Within-provider measurement error matters to misclassification risk because, all other things being equal, the higher the measurement error, the lower the reliability and the higher the risk of misclassification due to chance.
- Illustration: Figure 7 shows an example of two providers, showing both the observed average performance on a single measure and the amount of uncertainty around about "true" average performance. Even though the observed average performance levels are identical in both examples (so the variation in performance between providers is the same), the within-provider measurement error is different.

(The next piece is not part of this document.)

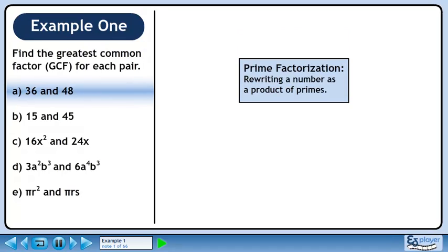In this example, we'll learn how to find the greatest common factor of a pair of expressions. We are going to use a technique called prime factorization to rewrite a number as a product of its primes.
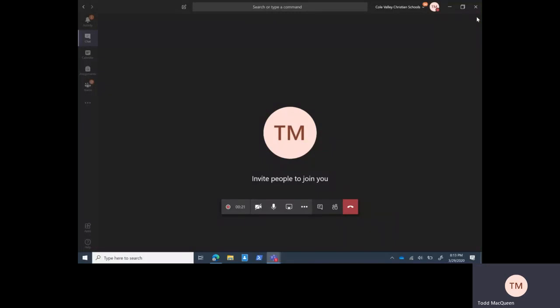Well hello and welcome back to another video on how to use Teams at Coal Valley Christian Schools. I'm Todd McQueen, the IT Director, and I want to start off with a quick thank you.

Average error per observation is a statistical term that describes how much variation there is in the observation-to-observation performance of a single provider. Due to chance alone, a given provider's performance on a measure may vary from patient to patient, from day to day, from week to week, etc. The more this performance varies, the harder it is to distinguish one provider from other providers. Average error per observation matters to misclassification risk because, all other things being equal, the higher the average error, the higher the within-provider measurement error, the lower the reliability, and the higher the risk of misclassification due to chance.
- Illustration: Figure 8 shows an example of observations for two providers on a single performance measure (e.g., a measure of costs). Each provider has six observations. The average score is the same for both providers, but one has higher average error per observation than the other.
N (number of observations) refers to the number of observations a given provider has on a performance measure. For example, if the performance measure assesses hemoglobin A1c control in patients with diabetes, the number of observations for a provider will be the number of that provider's patients who have diabetes and who qualify for inclusion in the measure. The number of observations matters to performance misclassification because, all other things being equal, the higher the number of observations, the lower the within-provider measurement error, the higher the reliability, and the lower the risk of performance misclassification.
Misclassification risk is affected by factors other than the number of observations (i.e., the average error per observation and the classification system). Therefore, it is impossible to specify a minimum number of observations that will limit the risk of misclassification across all providers, all classification systems, or all measures. In fact, because the average error per observation can vary from provider to provider, different providers may need different numbers of observations to reach the same risk of misclassification.
- Illustration: Figure 9 shows an example of how differing numbers of observations affect the amount of uncertainty around the average performance for two providers. The average error per observation is the same for both providers, and both have the same observed average performance. But because one provider has more observations than the other, the range of uncertainty about the "true" average performance is smaller.
xiiiReliability also describes how close the measured performance of a provider is to the true performance of that provider. Mathematically, these two definitions are identical.
xiv This uniformity of performance would not necessarily be a bad thing. If providers had uniformly high performance, then patients could choose providers based on factors such as out-of-pocket cost and convenience, resting assured that no matter what provider they chose, performance would be above an acceptable threshold.